I am very new to PYMC (and probabilistic programming) and I’m trying to follow a tutorial made for Edward:
https://www.ritchievink.com/blog/2018/06/05/clustering-data-with-dirichlet-mixtures-in-edward-and-pymc3/
k = 3 # number of clusters
d = df.shape[1]
n = df.shape[0]
pi = ed.models.Dirichlet(tf.ones(k))
mu = ed.models.Normal(tf.zeros(d), tf.ones(d), sample_shape=k) # shape (3, 4) 3 gaussians, 4 variates
sigmasq = ed.models.InverseGamma(tf.ones(d), tf.ones(d), sample_shape=k)
x = ed.models.ParamMixture(pi, {'loc': mu, 'scale_diag': tf.sqrt(sigmasq)},
ed.models.MultivariateNormalDiag,
sample_shape=n)
z = x.cat
I especially do not understand how to create those 2D shaped Distributions. (As far as I understand those are not multivariate, or am I wrong?)

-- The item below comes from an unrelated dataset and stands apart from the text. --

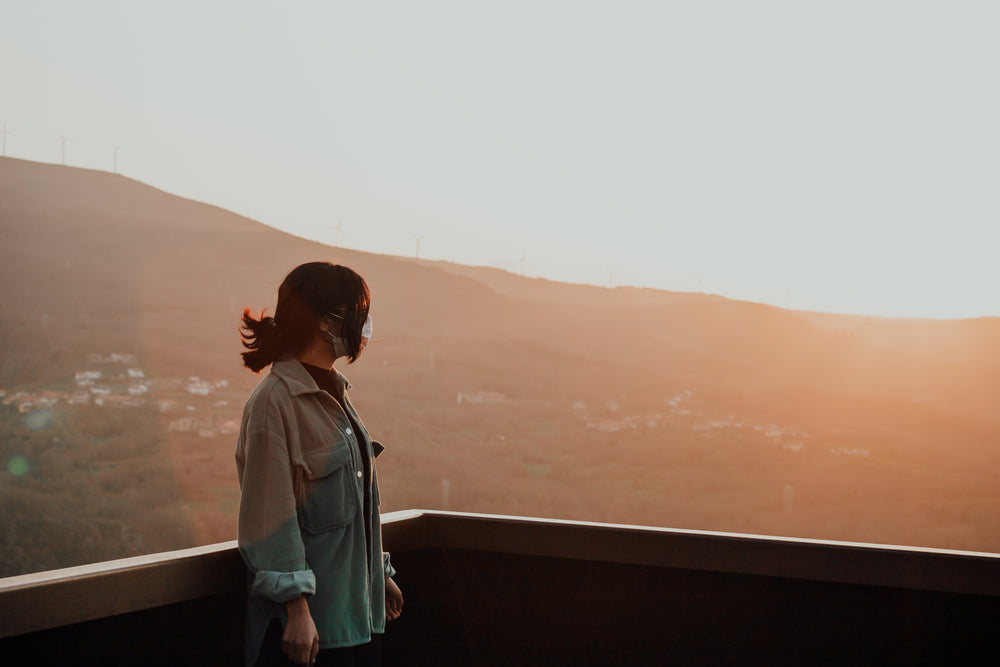 woman in facemask stands bathed in golden light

t = 500 # number of samples
qpi = ed.models.Empirical(tf.get_variable('qpi', shape=[t, k], initializer=tf.constant_initializer(1 / k)))
qmu = ed.models.Empirical(tf.get_variable('qmu', shape=[t, k, d], initializer=tf.zeros_initializer()))
qsigmasq = ed.models.Empirical(tf.get_variable('qsigmasq', shape=[t, k, d], initializer=tf.ones_initializer()))
qz = ed.models.Empirical(tf.get_variable('qz', shape=[t, n], initializer=tf.zeros_initializer(), dtype=tf.int32))
inference = ed.Gibbs({pi: qpi, mu: qmu, sigmasq: qsigmasq, z: qz},
data={x: y})
How would the inference in pymc look like?
I hope that’s not too much to ask. It would help my learning process a lot.